La visione dell'opposizione della mozione approvata nell'ultimo consiglio comunale

mercoledì 4 novembre 2015 11.26
«La maggioranza di centrodestra ha approvato, nel Consiglio comunale del 27 ottobre scorso, una delibera che si propone di compiere una indagine sulla presenza degli immigrati nella nostra Comunità e di promuovere un coordinamento in materia fra amministrazione locale, Prefettura e forze dell'ordine. La conoscenza di ogni condizione umana e sociale è fondamentale per capirne le cause e individuare i rimedi. È certamente una regola di base per chi è impegnato in politica. Ma le motivazioni e gli strumenti che si mettono in atto possono avere presupposti diversi; e le risposte raccolte naturalmente cambiano. Un antropologo contemporaneo ha scritto: "quanto male può fare una domanda", "può uccidere, ma può salvare la vita". Nella domanda trasferiamo la nostra visione di vita. Non ci sono domande neutre». E' la nota del centrosinistra andriese in Consiglio Comunale arrivata dopo l'assise che ha approvato la mozione. Si tratta dei gruppi consiliari di PD, Progetto Andria, Sabino Fortunato per Andria, Emiliano Sindaco di Puglia.

«La posizione divergente dei gruppi consiliari di centrosinistra dalla proposta deliberativa di iniziativa popolare, avanzata dal Club Forza Silvio, non riguarda ovviamente la opportunità della conoscenza della condizione degli immigrati, ma la motivazione espressa nelle premesse e nelle considerazioni della stessa proposta.

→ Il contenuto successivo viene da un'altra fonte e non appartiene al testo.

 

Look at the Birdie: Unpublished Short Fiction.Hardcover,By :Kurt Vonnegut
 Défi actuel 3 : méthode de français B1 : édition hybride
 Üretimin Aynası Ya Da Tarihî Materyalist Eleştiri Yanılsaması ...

Gli immigrati vi sono descritti come responsabili della manodopera a basso costo, locatari con contratti a nero, fautori di violenza, insomma come il male della nostra società. Una comunità educante ha bisogno di istituzioni che sappiano cogliere i segni dei tempi, puntando alla crescita in umanità di ciascuno che vi entri a far parte. Ora è il tempo di rinunciare ai protagonismi, di rimboccarsi le maniche insieme ai tanti cittadini e alle associazioni di volontariato, per contribuire alla edificazione di una città a misura d'uomo. È chiaro che in un periodo difficile dal punto di vista economico, occupazionale, di scarsa corresponsabilità civile, le cui cause non sono certamente attribuibili al fenomeno immigratorio, affrontare il problema nei termini suddetti significa fuggire dall'analisi della complessità del fenomeno, per evitare di mettere in campo le responsabilità di chi amministra e di ciascuno di noi. Non è rispettoso verso i cittadini più fragili dare l'illusione che la soluzione sia semplice e immediata e che si ritrovi in un atteggiamento poliziesco e repressivo».

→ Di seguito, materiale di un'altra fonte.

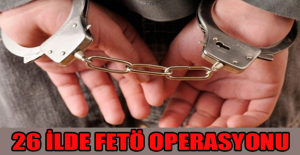 26 ilde FETÖ operasyonu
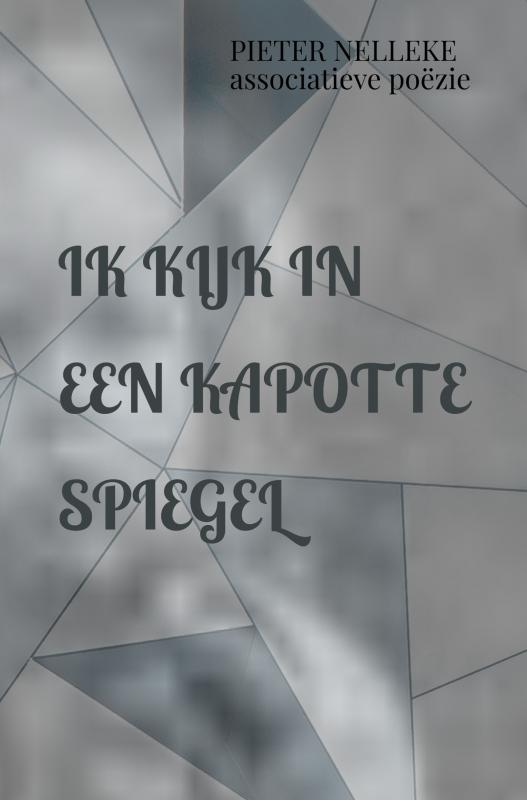 Omslag van Ik kijk in een kapotte spiegel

«L'indagine potrebbe essere utilizzata per rendere evidenti fenomeni sommersi, che riguardano tuttavia i nostri concittadini e non solo gli immigrati: lo sfruttamento della manodopera nei laboratori, nelle campagne e in altri settori meno evidenti; le locazioni di ambienti non idonei effettuate "a nero"; il mancato rispetto delle norme di civile convivenza, soprattutto nel nostro centro storico. Questi sono solo alcuni esempi per invitare l'Amministrazione ad essere più vigile e presente nel controllare i suddetti fenomeni. Attribuire certe disfunzioni in maniera semplicistica ad una sola causa e per giunta esterna alla comunità, deresponsabilizza tutti gli altri. Oggi, in ogni ambito, ma in particolare in politica, per non affrontare le situazioni ormai intrinsecamente complesse si ricorre a processi di semplificazione, che tuttavia non servono a risolvere i problemi, ma semmai a renderli più cronici. La soluzione di situazioni complesse non può essere affrontata a breve termine, come "il tempo di una legislatura per la riconferma"; ma richiede tempi lunghi in cui "c'è chi semina e c'è chi raccoglie". La politica con la "P" maiuscola dovrebbe avere il coraggio di riappropriarsi di questa visione più alta e più lungimirante».

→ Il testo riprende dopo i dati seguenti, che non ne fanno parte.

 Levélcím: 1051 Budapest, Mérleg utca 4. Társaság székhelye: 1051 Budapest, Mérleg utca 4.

«Per concludere, riteniamo giusto che a livello comunale ci sia una attenzione mirata alla conoscenza del fenomeno immigratorio, ma con l'obiettivo di "utilizzare" questa conoscenza per comprendere meglio le dinamiche della nostra realtà locale, che spesso abusa del fenomeno, per individuare strategie che diano dignità a chi anche nel bisogno "è persona", per alimentare politiche in grado di offrire ragioni di speranza, tenendo conto di tutti gli aspetti dell'esistenza umana per una cultura inclusiva a misura d'uomo, per promuovere e sostenere la cultura della solidarietà e non certo alimentare allarmismo sociale e dannose guerre fra poveri».